An alternative procedure for formulating the regression relationship in the previous question is as follows: First create a dummy variable called MA, defined as MA = 1 – FE (what does this variable denote?) Then estimate the following model: LNWAGE = γ1MA+ γ2FE + β1EDU + β2EX + β3EXSQ + ε
Interpret the estimates of γ1 and γ2 relating them to αM and αF above. According to economic theory, what would be the relationship among the estimates α1 and γ1, and α2 and γ2? Are your estimates consistent with this relationship? Formulate a test for the null hypothesis that there is no gender discrimination using the estimates of γ1 and γ2. What would be the problem of including an intercept in the model?
Creating a New variable in STATA
The command used for creating a new variable in STATA is
gen “new variable name” = ‘defining rule for new variable’
Thus in this example As instructed, we first create a dummy variable MA, defined as MA=1-FE as follows:
gen MA=1-FE
We then estimate the following model:
LNWAGE = γ1MA+ γ2FE + β1EDU + β2EX + β3EXSQ + ε
The regression output and the STATA command used for regression without constant term is given as follows:
regress LNWAGE EDU EX EXSQ FE MA, noconstant
Interpreting the STATA output of regression with no constant term
The value of coefficient γ1 is 0.6007225, which is interpreted as the minimum hourly wages in dollar (measured in logarithmic terms) that men (with no education and experience) receive in the given sample. The value of γ2 equals 0.3436 indicates the minimum hourly wage (measured in logarithmic terms) that female with no education and experience derives in the given sample. The γ1 equals α1 and γ2 equals α1 + α2. The relationship is apparent from the interpretations of these coefficients and estimates are consistent with the relationship.
Since this model and the model in previous part are the same, we use the finding in the previous part to conclude that is statistically significant gender discrimination in hourly wage earnings expressed in logarithmic terms.
When an intercept is added in the model, there will be a problem of autocorrelation as the constant term captures the same gender effect as MA component and MA variable will be omitted from the model owing to autocorrelation.
Checking for Difference in Returns using two sample T-test with equal variances in STATA
The specifications above take the returns to education to be constant for males and females. How would you test whether this assumption is correct? Perform the test.
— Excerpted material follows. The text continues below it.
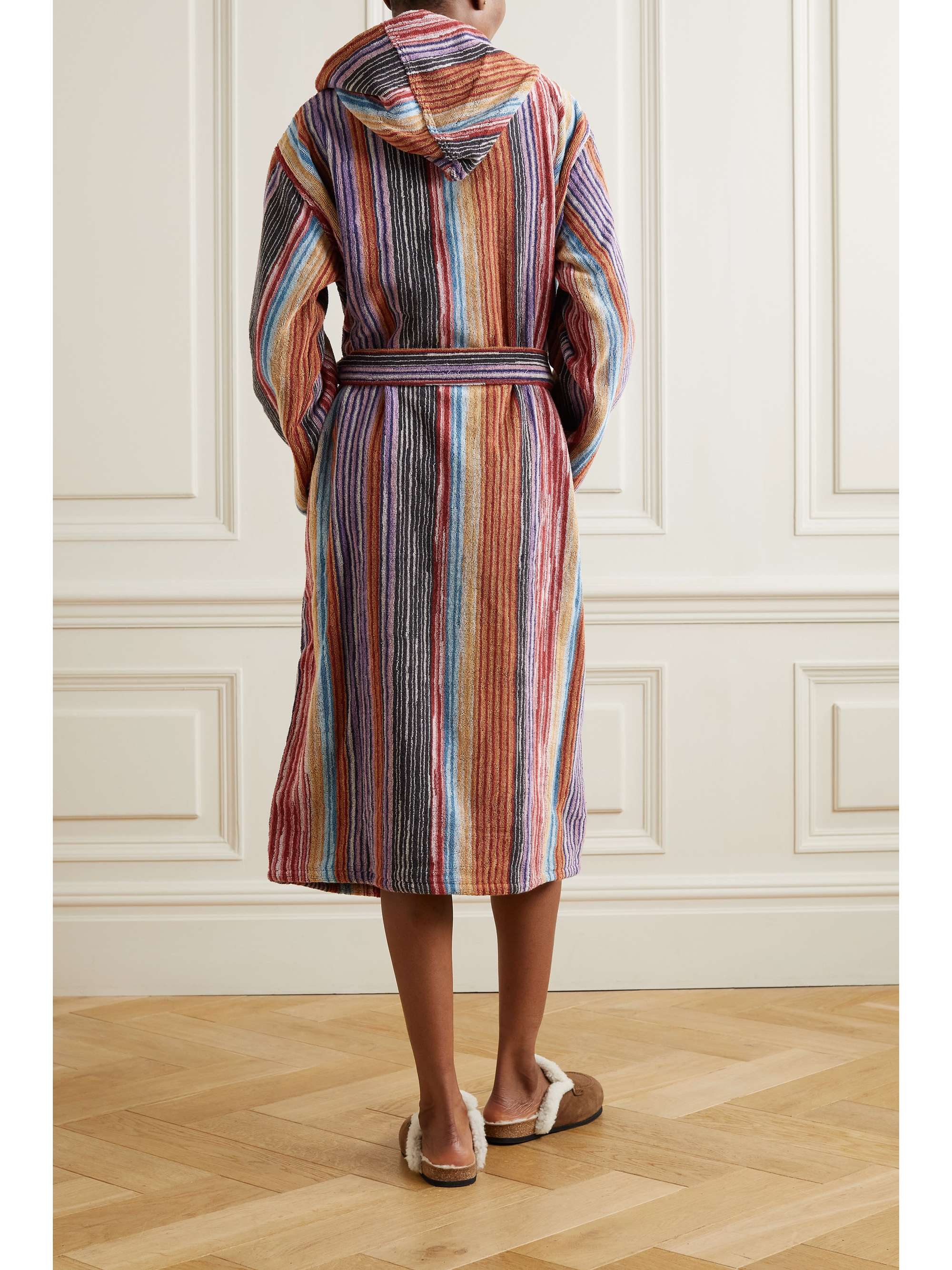 MISSONI HOME Bonnie hooded belted striped cotton-terry robe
We test whether the return to education is constant for males and females using ttest in stata. The STATA command used for t-test and STATA test output obtained is
ttest EDU,by(FE)
Interpreting the STATA output for two sample t-test with equal variances
Based on the result obtained, we conclude that difference in returns to education for males and females is statistically insignificant at 5% level of significance. The reason is that value of t-statistic is less than 2 in absolute value and we therefore do not reject the null that there is no difference in returns to education for males and females. Also, p value is greater than 0.05, which implies statistical insignificance of the difference in returns to education at 5% level of significance.
Thus, the assumption that returns to education is constant for males and female is correct.